(Data section)
----------
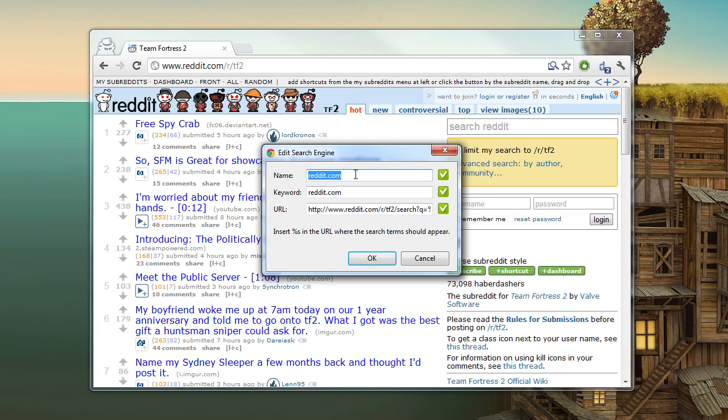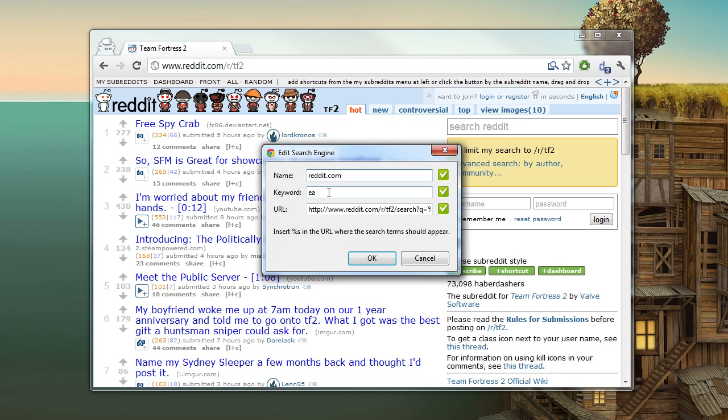Now this window pops up. The name you can have whatever you like, but it's simplest to make it the URL of the website. And the keyword you want to be as short as possible, because that's what you're going to type into search. For example, I'll type RS for Reddit search and hit OK.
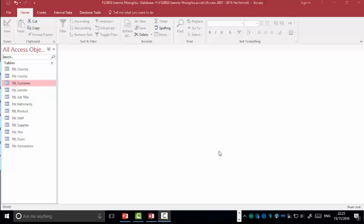Hello, my name is Ioannis Dizoglu and in this tutorial we're going to take a step further and start developing forms. Forms are used by the end user in order to update, delete and insert a new record.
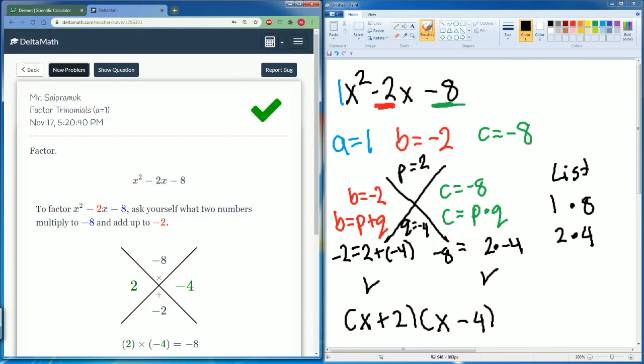That is everything you need to know when it comes to factoring trinomials when a equals 1. Thank you.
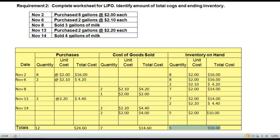Thank you so much for joining me for this brief demonstration of how to complete a perpetual inventory record using the LIFO method of cost flow.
----------
(What to work on) From the line that holds "That is everything" to the last line of the data, return those lines exactly and nothing else; both ends count, and pictures stay out.

(Solution)
That is everything you need to know when it comes to factoring trinomials when a equals 1. Thank you.
Thank you so much for joining me for this brief demonstration of how to complete a perpetual inventory record using the LIFO method of cost flow.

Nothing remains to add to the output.